HOW TO COMPLETE THIS TASK
No images, please. Copy each entry below exactly as it reads.

+===+

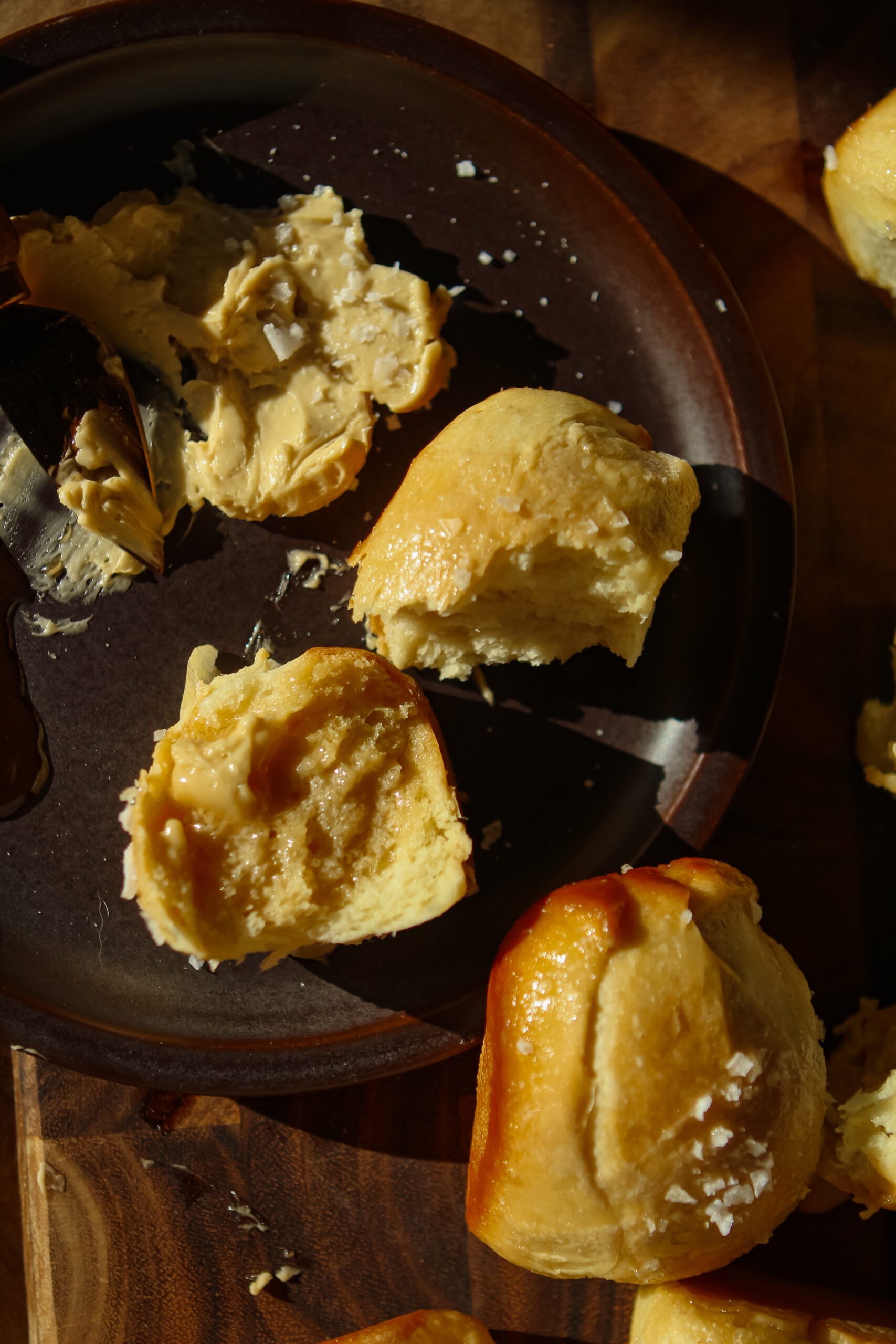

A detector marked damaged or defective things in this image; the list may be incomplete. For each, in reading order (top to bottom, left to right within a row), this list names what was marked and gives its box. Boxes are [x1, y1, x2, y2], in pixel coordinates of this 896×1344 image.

torn dinner roll [822, 88, 896, 299]
torn dinner roll [349, 390, 698, 682]
torn dinner roll [121, 645, 475, 962]
torn dinner roll [470, 855, 827, 1285]
torn dinner roll [326, 1306, 497, 1344]
torn dinner roll [628, 1274, 896, 1338]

+===+

WRITTEN RESPONSE
A detector marked damaged or defective things in this image; the list may be incomplete. For each, in reading order (top to bottom, left to right within a row), this list names what was marked and gives its box. Boxes are [x1, y1, x2, y2], in pixel coordinates of this 896×1344 image.

torn dinner roll [822, 88, 896, 299]
torn dinner roll [349, 390, 698, 682]
torn dinner roll [121, 645, 475, 962]
torn dinner roll [470, 855, 827, 1285]
torn dinner roll [326, 1306, 497, 1344]
torn dinner roll [628, 1274, 896, 1338]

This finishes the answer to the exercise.